Not Another Completely Heuristic Operating System, or Nachos, is instructional software for teaching undergraduate, and potentially graduate level operating systems courses. It was developed at the University of California, Berkeley, designed by Thomas Anderson, and is used by numerous schools including the University of Southern California and University of California, Irvine.

Originally written in C++ for MIPS, Nachos runs as a user-process on a host operating system. A MIPS simulator executes the code for any user programs running on top of the Nachos operating system. Ports of the Nachos code exist for a variety of architectures.

In addition to the Nachos code, a number of assignments are provided with the Nachos system. The goal of Nachos is to introduce students to concepts in operating system design and implementation by requiring them to implement significant pieces of functionality within the Nachos system.

Nachos version 3.4 has been the stable, commonly used version of Nachos for many years.
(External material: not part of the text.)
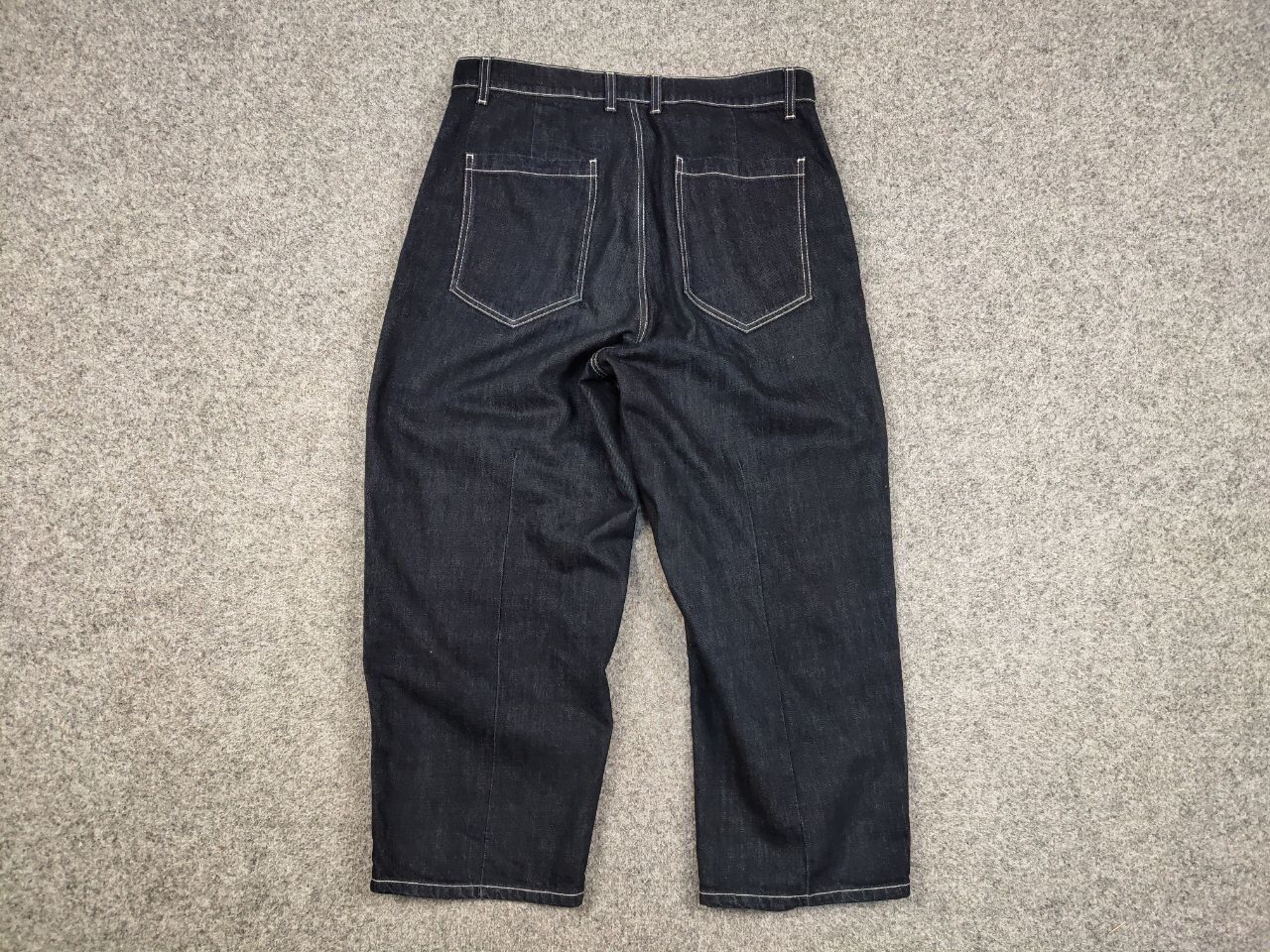 Marni Marni Commessa Cropped Jeans Baggy Blue Denim Women Pants Size 30" / US 8 / IT 44 - 15 Thumbnail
Nachos version 4.0 has existed as a beta since approximately 1996.

Successors[edit]

As Nachos has not been in active development for a number of years, and possesses a number of recognized flaws (particularly with regards to portability: Nachos relies on MIPS assembly code, and requires porting to run on x86 architecture), successor projects have been initiated. In 2004, Stanford University created Pintos, a Nachos-inspired system written in C and designed to run on actual x86 hardware. In 2000, Dan Hettena at UC Berkeley ported Nachos to Java as Nachos 5.0j, in an effort to make Nachos more portable, more accessible to undergraduates, and less susceptible to subtle bugs in student code that had in earlier versions often dominated student project development time. Another Java-based version was created by Professor Peter Druschel at Rice University. It was later adapted by Professor Eugene Stark at Stony Brook University in 2003 and applied in the Operating System course. At Graz University of Technology (Austria), a system called SWEB ("Schon wieder ein Betriebssystem") has been implemented and is used to teach operating system principles.